## PROBLEM STATEMENT
Retype every line from the one containing "Jack & Jones Loose Fit Shorts in Black" through the last line of the records below, both included; leave out the pictures.

Stored records:
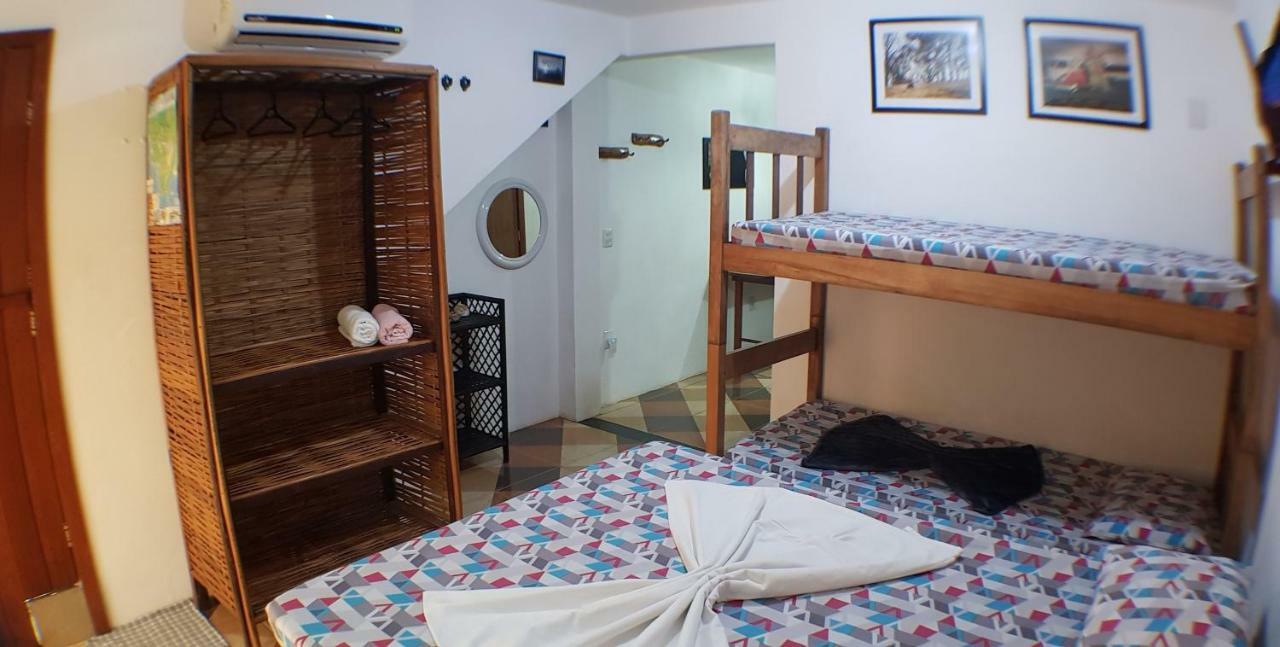Linda Surf House Apartamentos Itacaré Esterno foto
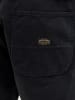 Jack & Jones Loose Fit Shorts in Black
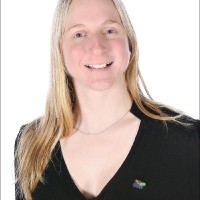 Roxane Laliberté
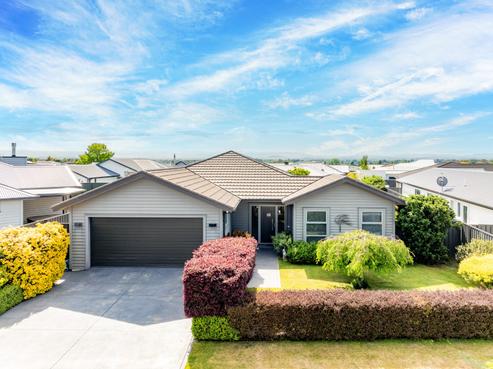 24 Percy Berry Place, Havelock North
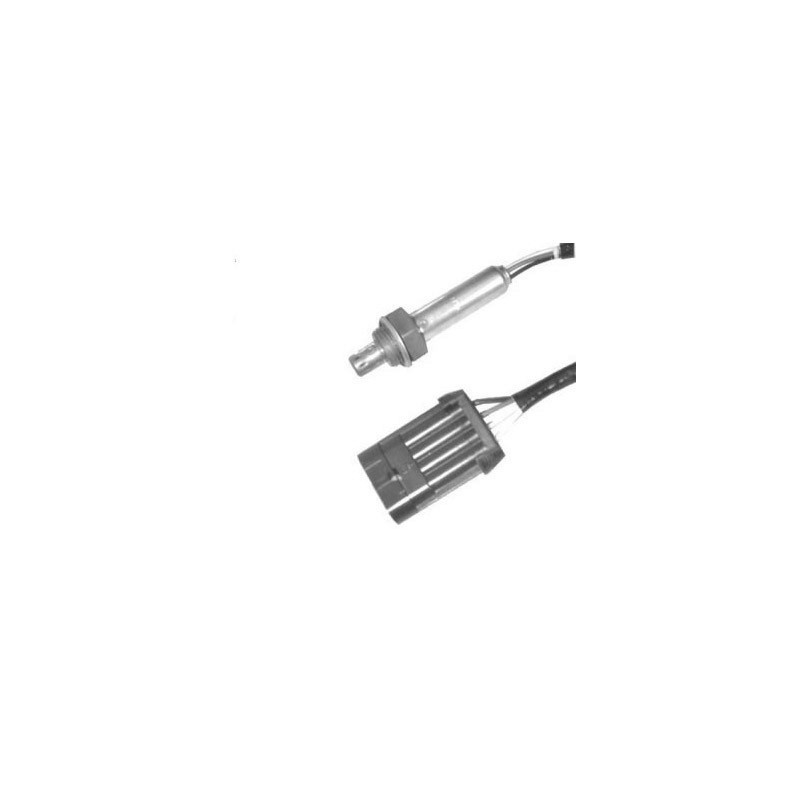 Sonde lambda FISPA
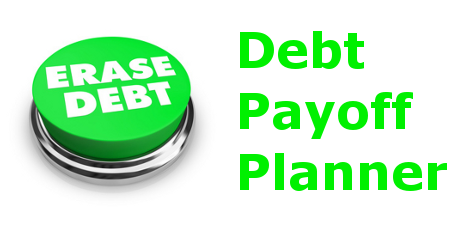 debt payoff planner free app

## WRITTEN SOLUTION
 Jack & Jones Loose Fit Shorts in Black
 Roxane Laliberté
 24 Percy Berry Place, Havelock North
 Sonde lambda FISPA
 debt payoff planner free app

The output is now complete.